Austin’s Emma Woodhouse is an elegant, supremely confident twenty-something living with her father in the fictional country village of Highbury, England in the early 1800s. With the hubris of youth, Emma sets about finding romantic partners for her unmarried friends. She spars with Mr. George Knightly (Johnny Flynn), an old family friend who enjoys trying to put her in her place in the most well-mannered fashion. When Emma’s attempts to fix up her friend Harriet Smith (Mia Goth) with the local vicar Mr. Elton (Josh O'Connor) backfire, Mr. Knightly can barely contain his glee at Emma’s comeuppance. As embodied by Taylor-Joy, Austin’s charming but conceited protagonist comes off more cerebral and disconnected from her own emotions than she’s usually depicted on screen—but perhaps Emma just plays her cards extremely close to her vest (or high-wasted frock).
Emma. (I’m not sure what the significance of the period in the title is) is the feature film début of the American rock photographer, music video and concert film director Autumn de Wilde.

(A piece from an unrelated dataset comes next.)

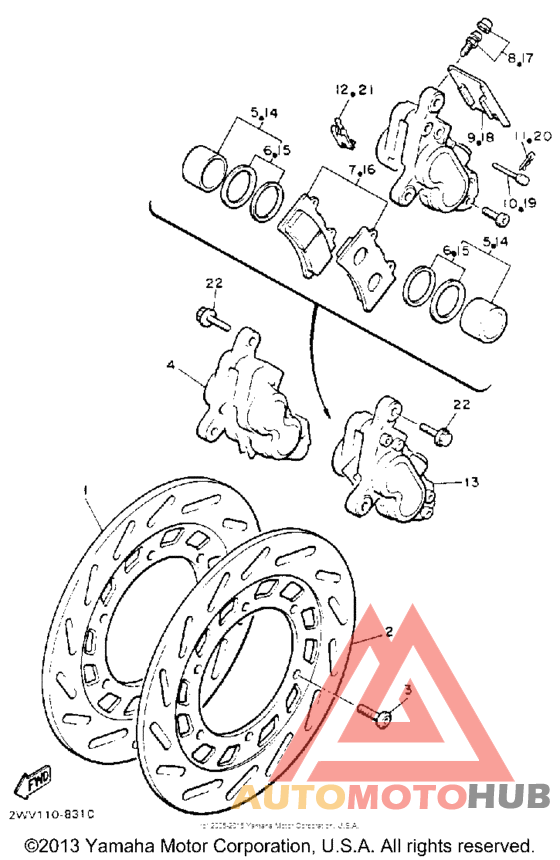 Передний суппорт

The script, by Man Booker Prize-winning novelist Eleanor Catton, is faithful to the novel in terms of plotting but takes playful liberties with the behavior of the various characters. The absurdly colorful visuals employed by de Wilde and production designer Kave Quinn (Trainspotting, Layer Cake, Far from the Madding Crowd) turns this period comedy-of-manners into an outright cartoon without ever devolving into a spoof. Much of the best humor actually comes from the way the actors are dressed and framed in shots. In this director’s hands, the usually restrictive empire-cut dresses, billowing sleeves, high necklines, and absurdly large collars and bonnets come off as liberating—as if these outfits were designed to enable folks of this era to make bold statements about their individuality.
Approaching great works of literature from an almost satirical and winking eye is so common these days that a director needs to come up with something fresh in order to be interesting. de Wilde’s approach is nowhere near as bold as Greta Gerwig’s contemporary-minded but still perfectly "period" reworking of Louisa May Alcott in the previous year’s Little Women, but it’s much more frivolous and fluffy—which seems appropriate for what is arguably Austin’s lightest book.

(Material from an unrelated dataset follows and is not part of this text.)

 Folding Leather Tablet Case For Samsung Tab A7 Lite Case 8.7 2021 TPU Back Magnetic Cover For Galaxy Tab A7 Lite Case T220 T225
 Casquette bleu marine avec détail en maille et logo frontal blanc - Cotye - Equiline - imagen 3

Most everything works because the cast de Wilde has assembled knows exactly what kind of movie they’re making. They all inhabit the same exaggerated, slightly madcap vision of an era we now collectively understand far more from fifty years of film and TV adaptations of novels like this than from actual history. The great Bill Nighy sets the bar for his castmates, playing Emma’s lovably awkward father in a way that seems perfectly calibrated to tickle the specific funnybone of the audience that typically flocks to these adaptations, without ever crossing the line into slapstick. At first, Miranda Hart seems like she’s going to play the gossipy Miss Bates far too broadly, but she delivers a performance that’s both hilarious and touching.
Unless you count Amy Heckerling’s Clueless (1995), a loose retelling set in mid-‘90s Beverly Hills, and Rajshree Ojha’s Aisha (2010), a contemporary version set in Delhi, India, most dramatisations of this novel have been on television. So the only other period movie adaption we have to compare this Emma is Douglas McGrath’s 1996 Mirimax film, in which Gwyneth Paltrow gave a fine turn as the lead but the rest of the cast was uneven. de Wilde’s colorful, overly-frosted wedding cake version is a lot more fun.